Simion, que das arquibancadas de futebol ao Parlamento construiu uma imagem de agitador, com um discurso nacionalista e de soluções fáceis, trabalhava justamente essa frustração. Afirmava que iria acabar com a sensação de europeu de segunda classe dos romenos, conhecidos por abastecer o continente com trabalhadores da construção civil e agricultura, motoristas e faxineiros, mas também com profissionais qualificados de TI.

Aliados de Simion afirmam que o candidato foi prejudicado por uma censura generalizada das redes sociais, que teria sido imposta pelo governo romena para evitar nova ingerência russa. As acusações foram corroboradas até por grupos liberais, que registram até conteúdos de eleitores comuns sendo derrubados das plataformas.

Em novembro do ano passado, o ultradireitista Calin Georgescu foi tirado da disputa em controversa decisão judicial, logo após vencer o primeiro turno original da eleição, também anulado. Georgescu, com uma campanha baseada exclusivamente no TikTok, saiu do traço para a liderança nas urnas em questão de dias. Após o resultado, o serviço de inteligência do país disse ter constatado interferência russa, o que baseou a decisão da corte superior.

A Comissão Europeia abriu uma investigação contra a rede social chinesa, mas adotou posição mais prudente sobre o cancelamento do pleito, visto por parte dos eleitores como uma tentativa do establishment de se manter no poder. Simion, que chegou a dizer em uma live no Facebook que os juízes do caso mereciam apanhar, tornou-se o herdeiro natural dos votos de Georgescu, chegando a lhe prometer o cargo de primeiro-ministro.

Em entrevista na semana passada, Simion alimentou a hipótese de outro tipo de interferência, além da russa. Segundo ele, a França, um país de “tendências ditatoriais”, buscou influir no destino da eleição, com empenho pessoal de Emmanuel Macron e diplomatas. Neste domingo (18), a narrativa ganhou a adesão de Pavel Durov, fundador do Telegram, que declarou em postagem no próprio aplicativo que havia sido contatado para influir no resultado.
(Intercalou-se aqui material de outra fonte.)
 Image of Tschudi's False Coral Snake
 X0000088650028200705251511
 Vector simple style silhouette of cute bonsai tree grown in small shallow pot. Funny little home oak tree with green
“Um governo da Europa Ocidental… entrou em contato com o Telegram, solicitando que silenciássemos vozes conservadoras na Romênia antes das eleições presidenciais de hoje. Recusei categoricamente”, escreveu Durov, que não revelou o país, mas acrescentou à postagem um emoji de baguete. “Não se pode ‘defender a democracia’ destruindo a democracia. Não se pode ‘combater a interferência eleitoral’ interferindo nas eleições. Ou se tem liberdade de expressão e eleições justas, ou não se tem. E o povo romeno merece ambas as coisas”, afirmou.

O ministério das Relações Exteriores da França declarou no X que as acusações eram infundadas. “A França rejeita categoricamente essas alegações e exorta todos a agirem com responsabilidade e respeito pela democracia romena.” Sem comentar o caso, o governo romeno denunciou uma “campanha viral de informações falsas”, notadamente no Telegrama, patrocinada pela Rússia.

Durov, russo exilado em Dubai, chegou a ser preso na França em processo que investiga o livre trânsito de pornografia infantil, tráfico e fraudes na plataforma que administra,

Macron fez gestões públicas na região, assim como diversos setores do empresariado romeno, que percebiam na ascensão de Simion uma degradação ainda maior da economia do país.